Wilhelm, que sabía lo mucho que a ella le molestaba equivocarse, se volvió para no ver las lágrimas de remordimiento que asomaban a sus ojos. Sirvió dos copas de madeira, tomándose su tiempo:
—Tiene talento, Julia, pero lo más importante es su tenacidad.
—Entonces tendré que pedirle disculpas, porque no he sido justa con él.
—¿Y mañana me acompañarás al Cosmo? Te vendrá bien dar un pequeño paseo.
De manera que Julia se disculpó con Colin, que frente al evidente trastorno emocional de la anciana puso todo su empeño en tranquilizarla. Después, con el brazo enlazado con el de Wilhelm, Julia bajó lentamente la cuesta hasta el Cosmo, donde él la cortejó con tartas y cumplidos mientras las llamas del debate político saltaban o humeaban alrededor de los dos.
Frances leyó
El hijastro
y se lo pasó a Andrew, que comentó: «Es interesante. Muy interesante.»

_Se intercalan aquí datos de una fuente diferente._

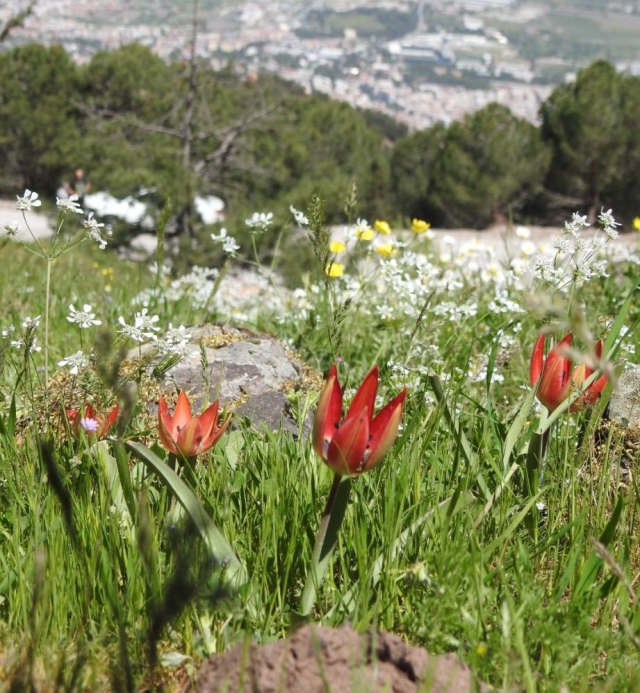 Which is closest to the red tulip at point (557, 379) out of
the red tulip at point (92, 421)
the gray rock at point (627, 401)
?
the gray rock at point (627, 401)

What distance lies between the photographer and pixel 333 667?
1.09m

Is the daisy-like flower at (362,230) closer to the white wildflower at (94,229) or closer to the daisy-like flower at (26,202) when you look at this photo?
the white wildflower at (94,229)

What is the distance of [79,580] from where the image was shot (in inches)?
52.9

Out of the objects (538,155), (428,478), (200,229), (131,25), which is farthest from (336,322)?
(131,25)

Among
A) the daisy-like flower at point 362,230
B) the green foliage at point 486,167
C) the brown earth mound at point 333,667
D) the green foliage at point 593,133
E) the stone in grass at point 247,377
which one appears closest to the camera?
the brown earth mound at point 333,667

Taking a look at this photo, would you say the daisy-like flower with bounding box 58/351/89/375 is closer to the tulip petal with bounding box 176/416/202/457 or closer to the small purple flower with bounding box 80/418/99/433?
the small purple flower with bounding box 80/418/99/433

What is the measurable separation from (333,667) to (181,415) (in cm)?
61

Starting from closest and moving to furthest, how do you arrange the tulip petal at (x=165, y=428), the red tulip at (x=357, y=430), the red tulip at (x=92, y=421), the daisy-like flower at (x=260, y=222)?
1. the red tulip at (x=357, y=430)
2. the tulip petal at (x=165, y=428)
3. the red tulip at (x=92, y=421)
4. the daisy-like flower at (x=260, y=222)

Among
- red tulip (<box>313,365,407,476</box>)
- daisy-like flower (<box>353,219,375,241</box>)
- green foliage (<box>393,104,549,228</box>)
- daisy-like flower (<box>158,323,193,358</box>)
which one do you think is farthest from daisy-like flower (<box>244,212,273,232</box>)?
green foliage (<box>393,104,549,228</box>)

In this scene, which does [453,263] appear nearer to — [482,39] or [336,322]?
[336,322]

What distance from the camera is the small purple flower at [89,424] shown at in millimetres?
1659

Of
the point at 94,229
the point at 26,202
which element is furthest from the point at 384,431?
the point at 26,202

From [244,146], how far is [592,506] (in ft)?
50.8

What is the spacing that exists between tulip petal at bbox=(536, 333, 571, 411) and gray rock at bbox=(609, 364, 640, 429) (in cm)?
52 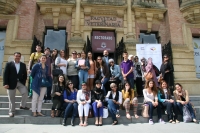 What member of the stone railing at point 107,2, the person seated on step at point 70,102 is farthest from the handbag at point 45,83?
the stone railing at point 107,2

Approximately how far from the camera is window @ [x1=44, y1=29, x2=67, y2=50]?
9.68 meters

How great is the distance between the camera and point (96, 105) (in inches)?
192

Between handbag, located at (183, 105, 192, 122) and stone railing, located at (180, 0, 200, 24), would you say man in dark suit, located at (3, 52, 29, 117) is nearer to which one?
handbag, located at (183, 105, 192, 122)

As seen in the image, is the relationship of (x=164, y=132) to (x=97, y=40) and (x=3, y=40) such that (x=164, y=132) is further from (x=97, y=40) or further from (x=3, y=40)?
(x=3, y=40)

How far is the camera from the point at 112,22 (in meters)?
10.0

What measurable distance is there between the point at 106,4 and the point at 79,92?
6.80 meters

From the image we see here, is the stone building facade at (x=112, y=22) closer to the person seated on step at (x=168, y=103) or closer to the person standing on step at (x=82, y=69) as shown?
the person standing on step at (x=82, y=69)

Años antes Frances se había visto obligada a sentarse a escuchar las críticas de Colin contra ella y su padre, tan encendidas y crueles que se había sentido abrasada por ríos de lava. Y en esas páginas estaba toda esa ira destilada. Era la historia de un niño cuya madre se había casado con un embaucador, un sinvergüenza con pico de oro que ocultaba sus crímenes detrás de cortinas de palabras persuasivas, palabras que prometían toda clase de paraísos. Se mostraba cruel o indiferente con su hijo. Cuando éste pensaba que su torturador se había marchado para siempre, aparecía otra vez, y la madre sucumbía a sus encantos, porque era encantador, aunque de una manera siniestra. El pequeño le contaba su historia a un amigo imaginario, el tradicional compañero de juegos de los niños solitarios, y la narración resultaba triste y graciosa a la vez, ya que el lector adulto podía interpretar la distorsionada visión infantil como una exageración: las escenas casi de pesadilla, semejantes a sombras proyectadas por una vela en la pared, eran más bien trilladas, casi chabacanas. Un lector de la editorial había descrito la novela como una pequeña obra de arte, y quizá lo fuera. Pero la madre y el hermano mayor del autor veían algo más: la magia de la historia había conjurado una terrible angustia. Con ese libro Colin demostraba que era un adulto.
—¿Sabes? —dijo Andrew—, creo que mi hermano pequeño me ha superado; yo sería incapaz de alcanzar ese grado de distanciamiento.
—¿Tan espantoso fue? —preguntó Frances, temiendo la respuesta.